Fırat’ın doğusu dediğinizde Suriye’den başlayıp İran’a kadar uzayan bir coğrafyadan söz ediyoruz.
Fırat’ın doğusu dediğinizde Musul, Erbil, Kerkük, Süleymaniye’yi birlikte düşünmek gerek.
Bu bölgede bizi sadece PYD’liler beklemiyor. Bölgede Barzani kuvvetleri de var, Türkmenler de, Kürtler, Şiiler, Sünniler, Selefiler, Sufiler, DAEŞ de var. İran da var, Rusya da. Amerika da var, İngiltere de. Fransa da var, Almanlar da. Olmayan yok ki.
Ocak-Mart 2018’de Afrin’deki Zeytin Dalı Harekâtı’ndan sonra sırada Fırat’ın doğusundaki PYD’ye karşı operasyon yapılacağı açıklanmıştı. 28-31 Ekim’de Kobani ve civarına sınırdan sınırlı top atışları yapıldı ve ileri harekat yapılmadı. ABD Ankara’ya ortak kontrol noktaları ve devriye sözü verdi. Ve operasyon ertelendi. Öyle anlaşılıyor ki, ABD Türkiye’yi oyalamayı seçmişti.
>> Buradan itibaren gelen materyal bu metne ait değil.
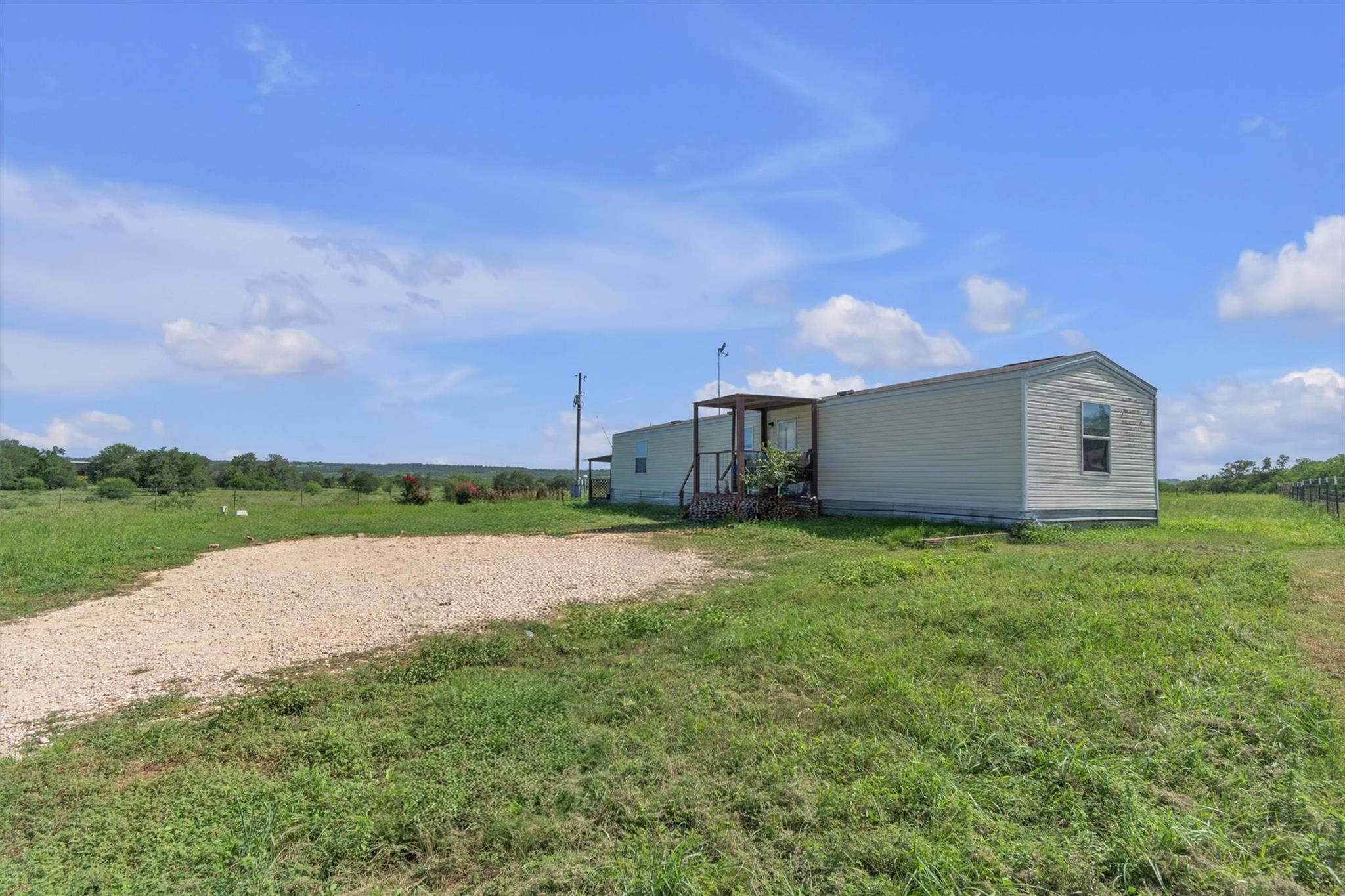 612-618 Bylerpool Rd, Kingsbury, TX 78638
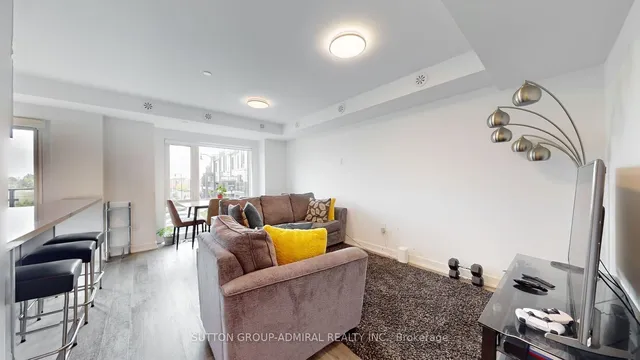 Additional image 4 of 185 VETERANS Dr Unit #5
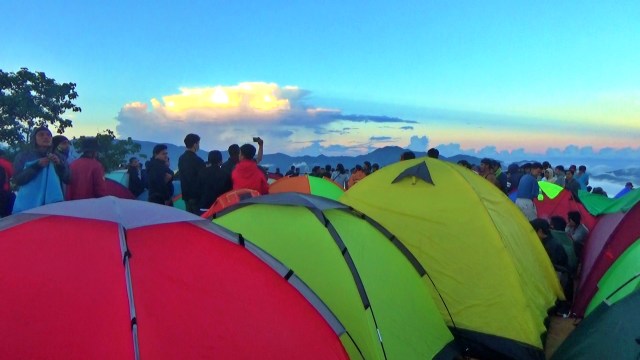Ratusan wisatawan mendirikan tenda di puncak Bukit Arang. Sabtu, (11/7). Foto: Dok banthayoid (Herman Abdullah)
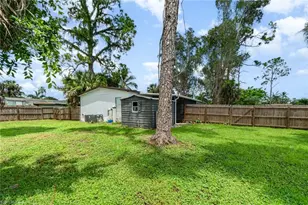 20234 Sherrill Ln, Estero, FL 33928 - Photo 19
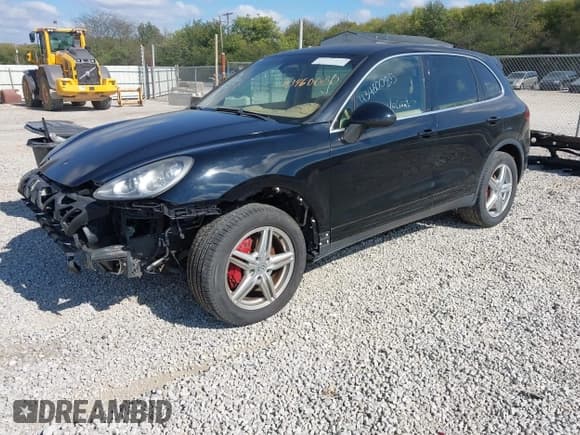 ✅ 2014 Porsche Cayenne • VIN: WP1AA2A23ELA07428 • Lot: 43460085. Wystawiony na IAAI z przebiegiem 55 374 mil. Bezpłatny archiwum sprzedaży aukcyjnych z USA i szczegółowy raport historii pojazdu na DreamBid. Zdjęcie 2.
Çünkü bu sırada PYD’ye askeri malzeme sevkıyatını, eğit-donan faaliyetlerini kesintisiz ve artırarak sürdürdü.
“Türkiye’ye güvence” sözünün bir oyalama takdiği olduğu anlaşıldıktan sonra Ankara Washington hattında değişik seviyelerde görüşmeler oldu. Sonuç değişmedi. Hakan Fidan’ın ABD’yi ziyaretinin ardından düğmeye basıldı.